Exercise objective => Could you write out the listing below exactly as it stands, leaving out the pictures?
### Data section
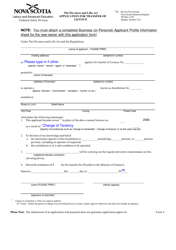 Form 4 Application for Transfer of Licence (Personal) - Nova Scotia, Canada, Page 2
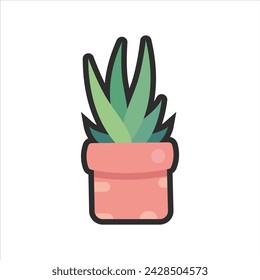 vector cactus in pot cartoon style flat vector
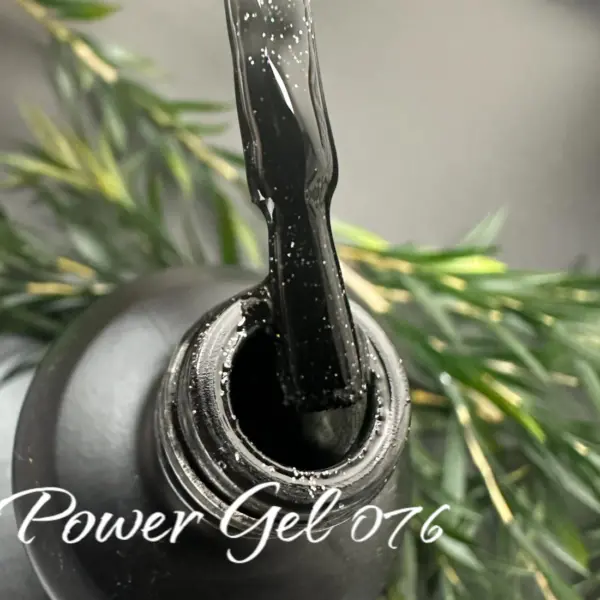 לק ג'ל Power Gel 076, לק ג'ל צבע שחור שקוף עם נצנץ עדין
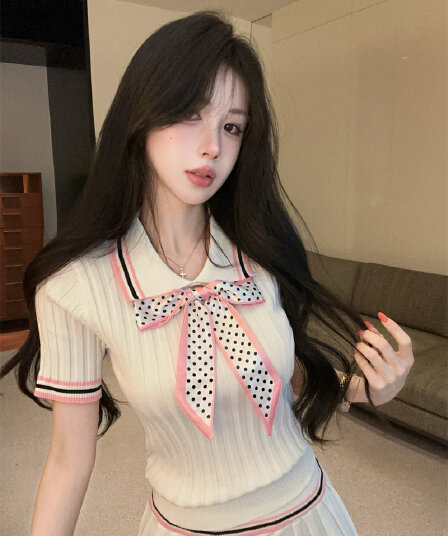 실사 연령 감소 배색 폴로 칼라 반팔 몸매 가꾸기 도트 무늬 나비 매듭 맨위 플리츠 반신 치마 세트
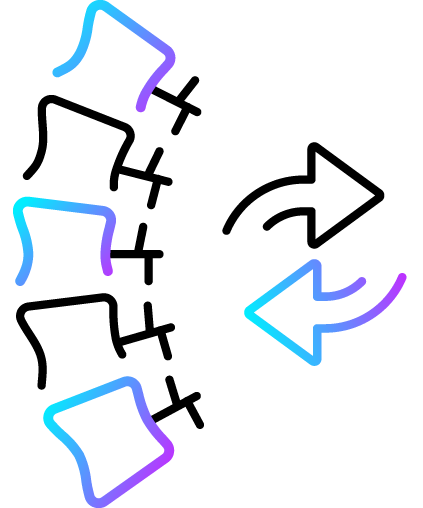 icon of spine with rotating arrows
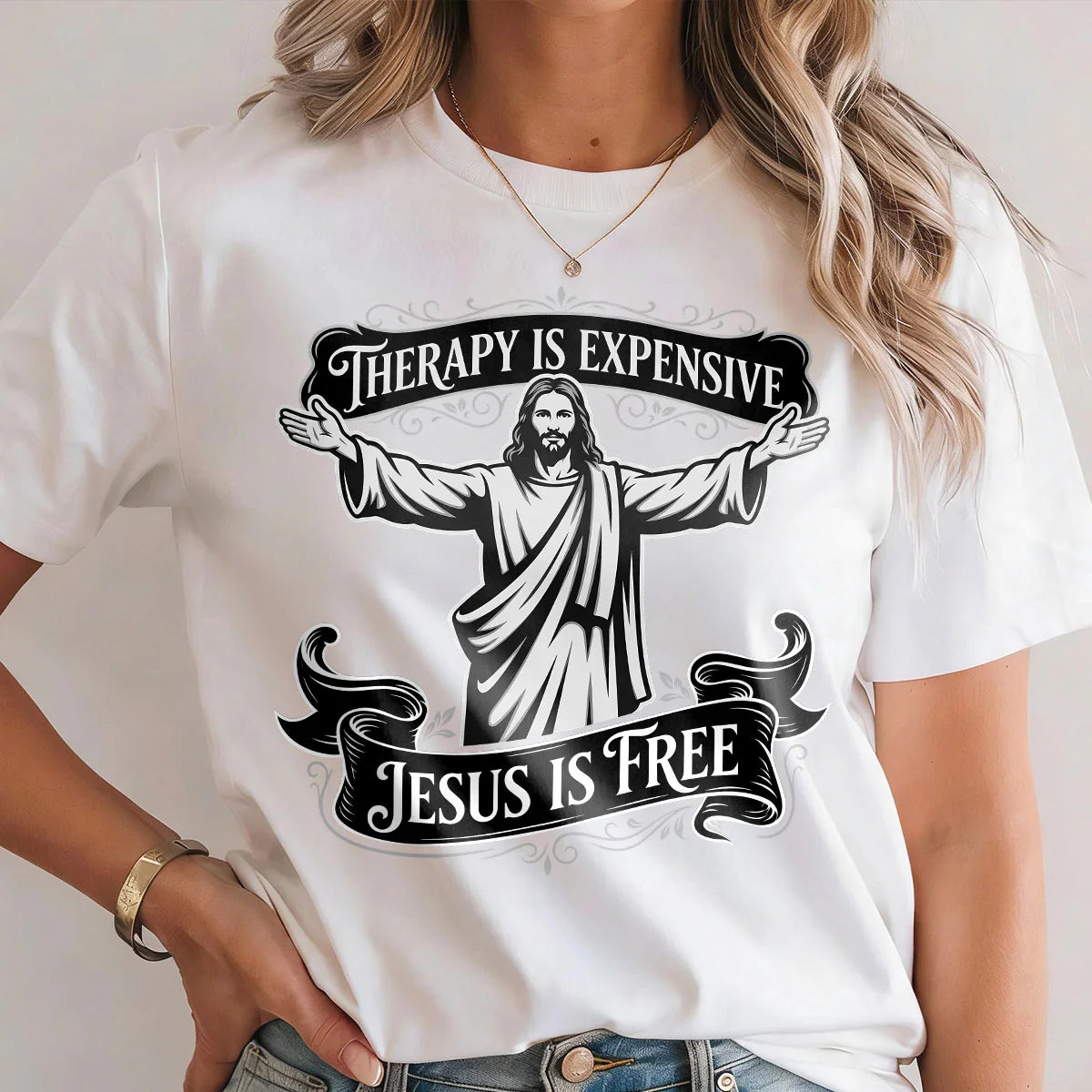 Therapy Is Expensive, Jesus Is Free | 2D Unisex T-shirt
######
Result of this exercise =>
 Form 4 Application for Transfer of Licence (Personal) - Nova Scotia, Canada, Page 2
 vector cactus in pot cartoon style flat vector
 לק ג'ל Power Gel 076, לק ג'ל צבע שחור שקוף עם נצנץ עדין
 실사 연령 감소 배색 폴로 칼라 반팔 몸매 가꾸기 도트 무늬 나비 매듭 맨위 플리츠 반신 치마 세트
 icon of spine with rotating arrows
 Therapy Is Expensive, Jesus Is Free | 2D Unisex T-shirt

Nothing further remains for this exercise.